Playing with purpose

Thou hast beset me behind and before, and laid thine hand upon me.


I once spent four years traveling with a small group of “field workers.” So aptly named by my church. Field workers were what you would consider missionary workers.

Today I thought of how quickly disunity could be detected in our small group, and, how instant were the repercussions. On one occasion I enjoyed the role of the pious righteous one. Of course, no one listened. They knew me well enough to know, I could be just as contentious. So much for Sainthood when no one considers you a Saint!

I can’t remember what the conflict was about but four out of the five were arguing back and forth. Nag, nag, nagging! Bicker, bicker, bickering. And we were on our way to Church!

Once more I warned. “You guys had better stop that fussing! Something bad is going to happen!” I was not being pious now; I was weary of the back and forth.

We had turned up the gravel road approaching the church from the rear. Just as we reached the railroad crossing, the train signals begin clamoring and blinking.

Looking to my left I could see a single engine approaching, about a half block away.

It is true! My life flashed before my eyes and I knew I could not afford to die. So, as signal lights blinked and clanged, and the Engineer madly touted his horn; I threw open the car door and took off running.

What I did not realize was that our driver upon seeing the train froze. In shock, she did not speed across the tracks, or back-up hurriedly to a safe distance. She just froze. The Engineer began the herculean task of bringing the train to a full stop.

I ran nearly two blocks before the small voice in my head was able to halt my sprint. “You left them to die! It said.” So, I stopped and slowly turned trying to prepare for what I might see.
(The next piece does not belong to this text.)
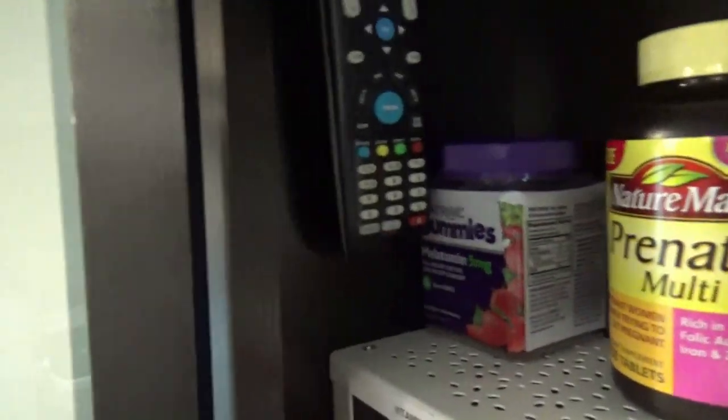Let me show you where ours is in our small tiny home that we love so much. Right there, there she is. Boom. Next to the melatonin. Sleeping so good. Off the floor and where I can find it. Boom. Alright, we're moving on to number two.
Thank GOD no carnage! But, there was only one door open, the door I had exited. Three, apparently, hysterical women hoped up and down in the street. Still yelling! Inside I could see the little two-year-old child in the front seat, and the driver sitting, staring ahead. Adding to the melee was the Engineer leaning out of the train yelling to know if everyone was okay.

The relief and humor of the moment begin to assail me. With each step back I was feeling weaker, and I needed to pee. Suddenly one of the women ran to the driver’s door. She slung the door open and began to screech; “get out, get out, get out of the car right now, I’m driving!”

About the time I reached the car, emotions were calm enough to assure the Engineer and thank him profusely. The train had stopped approximately an arm’s length away. It seemed to stand three stories tall, hissing and swaying. I knew our lives had been spared by GOD’s grace and the Engineer’s quick actions.

I can’t remember, but I think it was driving those last blocks to our destination that I inquired about the single open door. It was after all a four-door vehicle. Someone replied, “we all exited through your door.”

That’s when I lost it!

My grin became a horse’s snort! My body lost all bone structure. And like jello, I begin sliding from my seat in laughter. My mind played a scenario of the three women converging on the opened door. One climbing over the front passenger’s seat. Only to be blocked by the congestion of their attempts to exit the same door at the same time!
Just as I begin to regain some composure, the current driver solemnly intoned; “that’s not funny Sis. Connie!” And, I was lost again.

Our congregation was scheduled to sing at a different church, and our Pastor was the speaker. So, once everyone had arrived, we loaded into our cars and head off to service. I refused to ride with the women I had come with, but I did not say why.

At the church we visited, we sang with power and magnificence. I was fine until all four of those young women begin to rejoice. It was a Pentecostal congregation, so let your imagination go wild and you will have some idea what I was seeing.

I lost it all over again.

Gratefully the exuberant music hid my horse snorts, but I can’t tell you, even today, what the message was about.

There is a caustic reaction to the need to have the last word. Put someone in their place. Make the fat lady sing and cry. We should remember, disunity is never worth the resulting danger, and confusion it brings.

Save a child. Save my kidneys. Save your car and protect an Engineer! We must be one in His Spirit, we must be one in His Love! Anything else is a horse snort!